What is cervical disc herniation?

Cervical disc herniation is a condition in which a disc in the neck can rupture and put pressure on the adjacent nerves. Cervical discs are the cushions between the vertebrae in the upper back and neck. If they become damaged by degeneration or injury, they may bulge abnormally or rupture causing cartilage on the inside to leak. Common terms for this condition include herniated disc, slipped disc or ruptured disc. If the affected disc puts pressure on the nerves or the spinal cord, it can cause severe and unrelenting pain radiating from the neck down the arm and into the fingertips.

How does cervical disc herniation occur?

Cervical disc herniation is usually caused by wear and tear or injury. As we age, our discs gradually lose the fluid that helps them maintain flexibility. Discs become stiffer and shorter, causing the vertebrae to move closer together. A herniated disc also may result from injuries to the spine, which can cause tiny tears or cracks in the disc's outer layer. The jellylike material inside is forced out, which causes the disc to bulge, break open or break into fragments. These fragments can put pressure on the nerves and spinal cord and cause pain, numbness or weakness.

What are the symptoms?

Symptoms of cervical disc herniation may include:

  • Neck pain
  • Pain that radiates down the arm to the hand or fingers
  • Numbness or tingling in the shoulder, arm or hands
  • Weakness of the arm or hand
  • Burning pain in the shoulders, neck or arm
  • Loss of balance or coordination
  • Loss of hand function or grip strength
  • Difficulty with fine motor skills in the hands and arms

How is cervical disc herniation diagnosed?

In addition to a complete physical exam and patient history, your doctor can use specific tests, including X-ray, MRI andCT scan,to diagnose a herniated disc. Sometimes, a test called an electromyogram is used to check electrical activity along the nerves and pinpoint the area of damage.

What is the treatment?

Many patients will improve with non-surgical treatment. This may include rest, non-steroidal anti-inflammatory medication, corticosteroids, epidural injections or physical therapy. If these conservative treatments don't work, or if symptoms get worse,surgery may be necessary. The goals of surgery are to remove the damaged disc to take pressure off of the nerves, maintain spine stability and correct spine alignment.

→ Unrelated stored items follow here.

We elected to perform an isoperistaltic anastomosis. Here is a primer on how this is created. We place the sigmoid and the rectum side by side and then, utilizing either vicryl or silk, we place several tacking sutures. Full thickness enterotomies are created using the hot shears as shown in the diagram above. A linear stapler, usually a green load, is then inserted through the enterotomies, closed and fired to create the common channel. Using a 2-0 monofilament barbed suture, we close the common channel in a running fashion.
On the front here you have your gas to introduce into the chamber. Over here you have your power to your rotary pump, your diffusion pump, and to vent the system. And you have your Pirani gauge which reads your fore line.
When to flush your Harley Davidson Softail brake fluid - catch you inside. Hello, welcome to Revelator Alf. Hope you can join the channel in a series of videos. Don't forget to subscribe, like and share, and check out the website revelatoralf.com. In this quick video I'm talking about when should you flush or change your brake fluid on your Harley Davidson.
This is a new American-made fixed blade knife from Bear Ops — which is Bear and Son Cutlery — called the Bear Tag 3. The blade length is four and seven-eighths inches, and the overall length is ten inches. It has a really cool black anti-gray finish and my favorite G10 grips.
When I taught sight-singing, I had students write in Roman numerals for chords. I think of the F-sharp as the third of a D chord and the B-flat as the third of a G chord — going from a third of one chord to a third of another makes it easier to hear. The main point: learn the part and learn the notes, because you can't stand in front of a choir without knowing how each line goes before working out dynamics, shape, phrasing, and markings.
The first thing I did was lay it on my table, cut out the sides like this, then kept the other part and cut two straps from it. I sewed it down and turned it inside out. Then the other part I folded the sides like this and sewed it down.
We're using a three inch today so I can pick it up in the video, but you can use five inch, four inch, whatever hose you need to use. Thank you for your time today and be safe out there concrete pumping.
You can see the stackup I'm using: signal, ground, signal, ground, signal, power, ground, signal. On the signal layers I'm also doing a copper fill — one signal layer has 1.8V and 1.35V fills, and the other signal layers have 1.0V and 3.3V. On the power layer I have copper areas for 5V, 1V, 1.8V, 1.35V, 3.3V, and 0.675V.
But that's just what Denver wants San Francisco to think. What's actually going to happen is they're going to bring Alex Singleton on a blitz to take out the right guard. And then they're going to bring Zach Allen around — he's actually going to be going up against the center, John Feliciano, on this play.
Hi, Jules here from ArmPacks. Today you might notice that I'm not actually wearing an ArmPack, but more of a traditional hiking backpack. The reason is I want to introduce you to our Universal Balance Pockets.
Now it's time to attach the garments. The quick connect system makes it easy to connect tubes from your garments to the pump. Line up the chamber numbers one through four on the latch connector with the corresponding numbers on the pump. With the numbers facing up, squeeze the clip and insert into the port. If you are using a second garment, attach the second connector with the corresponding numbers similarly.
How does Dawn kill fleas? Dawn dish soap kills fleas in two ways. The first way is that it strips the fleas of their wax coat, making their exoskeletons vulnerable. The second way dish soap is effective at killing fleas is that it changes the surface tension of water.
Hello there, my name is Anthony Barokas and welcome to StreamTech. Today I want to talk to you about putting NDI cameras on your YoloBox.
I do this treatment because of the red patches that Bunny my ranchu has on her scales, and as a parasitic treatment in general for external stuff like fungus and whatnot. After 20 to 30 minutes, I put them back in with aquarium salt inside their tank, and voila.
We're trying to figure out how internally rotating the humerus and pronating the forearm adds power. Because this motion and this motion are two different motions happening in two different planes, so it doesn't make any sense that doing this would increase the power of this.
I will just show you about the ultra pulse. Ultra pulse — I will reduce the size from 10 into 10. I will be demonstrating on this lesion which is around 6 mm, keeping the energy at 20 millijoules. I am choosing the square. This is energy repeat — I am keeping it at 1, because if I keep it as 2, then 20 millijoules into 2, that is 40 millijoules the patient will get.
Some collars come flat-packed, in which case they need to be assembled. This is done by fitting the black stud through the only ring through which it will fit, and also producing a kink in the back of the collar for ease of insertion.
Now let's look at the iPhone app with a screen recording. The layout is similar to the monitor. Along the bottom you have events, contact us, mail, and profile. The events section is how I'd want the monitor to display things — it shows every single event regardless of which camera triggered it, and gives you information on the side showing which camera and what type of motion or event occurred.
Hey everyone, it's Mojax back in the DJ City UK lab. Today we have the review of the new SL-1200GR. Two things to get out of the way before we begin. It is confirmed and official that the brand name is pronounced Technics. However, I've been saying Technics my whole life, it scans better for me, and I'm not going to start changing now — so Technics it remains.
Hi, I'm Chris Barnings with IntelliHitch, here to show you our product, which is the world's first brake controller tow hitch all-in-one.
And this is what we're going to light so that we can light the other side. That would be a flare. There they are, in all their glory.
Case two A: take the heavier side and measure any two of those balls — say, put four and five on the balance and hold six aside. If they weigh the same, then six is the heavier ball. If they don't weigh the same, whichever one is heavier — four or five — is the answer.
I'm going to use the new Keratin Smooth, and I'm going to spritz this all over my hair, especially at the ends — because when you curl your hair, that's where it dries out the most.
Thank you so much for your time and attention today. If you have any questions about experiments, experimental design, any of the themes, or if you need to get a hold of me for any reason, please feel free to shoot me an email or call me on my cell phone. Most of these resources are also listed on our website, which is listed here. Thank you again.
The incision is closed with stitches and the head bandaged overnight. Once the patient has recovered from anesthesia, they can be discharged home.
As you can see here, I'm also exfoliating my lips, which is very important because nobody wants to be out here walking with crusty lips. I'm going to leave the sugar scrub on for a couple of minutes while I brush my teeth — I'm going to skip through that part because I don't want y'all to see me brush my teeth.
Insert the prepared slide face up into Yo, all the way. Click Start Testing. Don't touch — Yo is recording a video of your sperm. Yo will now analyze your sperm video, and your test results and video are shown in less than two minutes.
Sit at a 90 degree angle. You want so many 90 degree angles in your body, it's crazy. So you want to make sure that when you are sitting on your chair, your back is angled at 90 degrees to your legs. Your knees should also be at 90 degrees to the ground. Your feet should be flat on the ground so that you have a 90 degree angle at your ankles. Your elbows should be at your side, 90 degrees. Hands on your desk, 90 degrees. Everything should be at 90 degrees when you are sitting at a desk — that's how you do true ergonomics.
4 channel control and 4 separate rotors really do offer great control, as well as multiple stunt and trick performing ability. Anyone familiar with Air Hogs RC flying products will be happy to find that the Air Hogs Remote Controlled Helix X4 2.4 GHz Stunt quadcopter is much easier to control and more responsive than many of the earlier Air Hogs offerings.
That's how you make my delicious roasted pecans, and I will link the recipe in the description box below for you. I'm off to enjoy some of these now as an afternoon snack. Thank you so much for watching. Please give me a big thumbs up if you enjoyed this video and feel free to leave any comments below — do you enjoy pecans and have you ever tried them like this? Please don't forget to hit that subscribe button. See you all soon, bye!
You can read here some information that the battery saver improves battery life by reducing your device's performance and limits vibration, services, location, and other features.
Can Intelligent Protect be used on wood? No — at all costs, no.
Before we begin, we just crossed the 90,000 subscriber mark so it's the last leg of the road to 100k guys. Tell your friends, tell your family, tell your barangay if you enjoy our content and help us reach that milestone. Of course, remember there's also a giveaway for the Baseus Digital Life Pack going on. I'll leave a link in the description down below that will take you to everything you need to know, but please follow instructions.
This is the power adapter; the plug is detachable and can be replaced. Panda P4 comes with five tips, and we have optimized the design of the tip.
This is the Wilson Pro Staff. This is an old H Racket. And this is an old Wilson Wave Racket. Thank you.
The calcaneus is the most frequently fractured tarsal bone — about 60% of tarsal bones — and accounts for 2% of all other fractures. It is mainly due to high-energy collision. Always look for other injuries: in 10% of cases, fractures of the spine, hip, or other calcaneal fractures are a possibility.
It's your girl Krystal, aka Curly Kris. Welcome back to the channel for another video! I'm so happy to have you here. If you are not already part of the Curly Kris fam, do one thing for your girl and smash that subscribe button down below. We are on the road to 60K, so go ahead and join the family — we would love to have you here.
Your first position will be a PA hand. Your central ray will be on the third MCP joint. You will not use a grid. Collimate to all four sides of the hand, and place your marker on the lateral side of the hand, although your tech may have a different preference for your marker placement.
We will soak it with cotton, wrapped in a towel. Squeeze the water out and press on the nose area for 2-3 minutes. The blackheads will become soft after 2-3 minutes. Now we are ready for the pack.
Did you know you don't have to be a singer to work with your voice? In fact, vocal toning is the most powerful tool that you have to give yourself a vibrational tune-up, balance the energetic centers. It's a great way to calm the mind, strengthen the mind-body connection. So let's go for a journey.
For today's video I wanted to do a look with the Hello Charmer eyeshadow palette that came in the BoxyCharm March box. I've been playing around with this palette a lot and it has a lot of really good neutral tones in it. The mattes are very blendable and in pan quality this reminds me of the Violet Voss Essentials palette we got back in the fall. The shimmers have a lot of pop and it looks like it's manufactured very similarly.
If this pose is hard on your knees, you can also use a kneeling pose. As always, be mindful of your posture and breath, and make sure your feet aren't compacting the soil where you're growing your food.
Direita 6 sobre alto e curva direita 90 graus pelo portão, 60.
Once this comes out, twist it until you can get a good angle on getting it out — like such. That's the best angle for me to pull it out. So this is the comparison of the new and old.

There are several appropriate and successful surgical options, including:

  • Anterior cervical discectomy and fusion. The surgeon makes a small incision in the front of the neck to reach the spine. The affected disc between the vertebrae is removed and the vertebrae are fused together with a bone graft. Usually screws and a titanium plate are used to increase stability.
  • Anterior cervical corpectomy and strut graft. This procedure is typically needed if there is pressure on the spinal cord behind the vertebrae. The surgeon makes a small incision in the front of the neck and removes the affected vertebrae, as well as the discs and bone spurs, to take pressure off the spinal cord. Usually a cage and bone graft is implanted in the space, which works like a strut to support the spine. Screws and a titanium plate are used to hold everything in place while healing occurs and the vertebrae fuse.
  • Cervical laminectomy and fusion. The surgeon makes an incision in the back of the neck and removes the bony roof of the spine (the lamina) to open up the spinal canal and create more space for the nerves and the spinal cord. The vertebrae are then fused together to provide stability. Typically rods and screws are used to hold the vertebrae firm as the fusion heals.
  • Posterior cervical laminoforaminotomy. The surgeon makes an incision in the back of the neck to reach the spine. The bone or disc fragment compressing the nerve root is removed, taking pressure off the nerve. Depending on the stability of the affected area, a fusion may or may not be performed at the same time.
  • Cervical disc replacement. This procedure is an exciting advancement in spine surgery and, for carefully selected patients, a good alternative to the traditional fusion technique. The surgeon removes the diseased disc to relieve pressure on the nerve. Rather than using a bone graft to fuse, the disc space is fitted with a prosthetic disc. The device preserves motion and eliminates the typical complications of fusion surgery. 

Your surgeon will discuss what surgical options would be best for you depending on your individual case and condition. Not everyone is a candidate for disc replacement surgery. A surgeon who is trained in both spine fusion techniques and disc replacement technology is the best person to determine the most appropriate surgical option. A consultation with the proper surgeon is crucial in making that determination.